• **Problem to solve**: Could you repeat the listing exactly, leaving out the pictures?

• **Data section**:
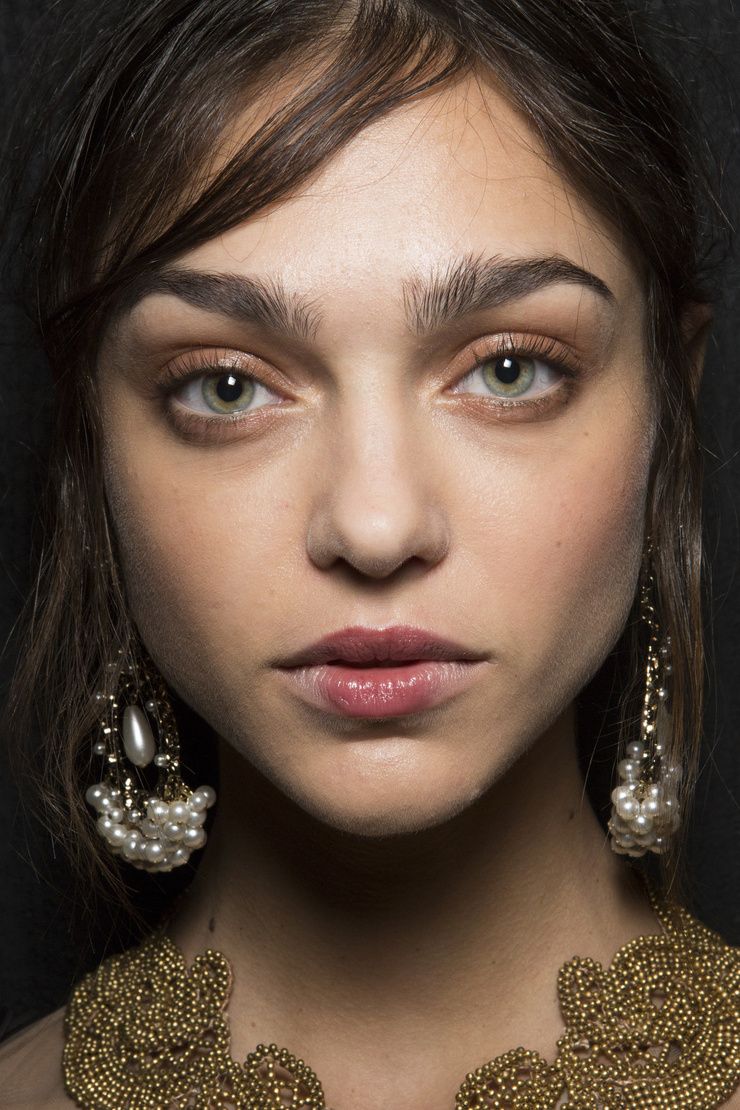 Zhenya Katava Zhenya Katava
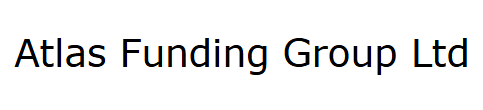 📉 Atlas Funding Group Ltd отзывы – обзор и признаки СКАМа | TrustViper 📉 Atlas Funding Group Ltd отзывы – обзор и признаки СКАМа | TrustViper : https://trust-viper.com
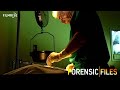 Forensic Files Season 11, Episode 39 - Fired Up - Full Episode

• **Reply**:
 Zhenya Katava Zhenya Katava
 📉 Atlas Funding Group Ltd отзывы – обзор и признаки СКАМа | TrustViper 📉 Atlas Funding Group Ltd отзывы – обзор и признаки СКАМа | TrustViper : https://trust-viper.com
 Forensic Files Season 11, Episode 39 - Fired Up - Full Episode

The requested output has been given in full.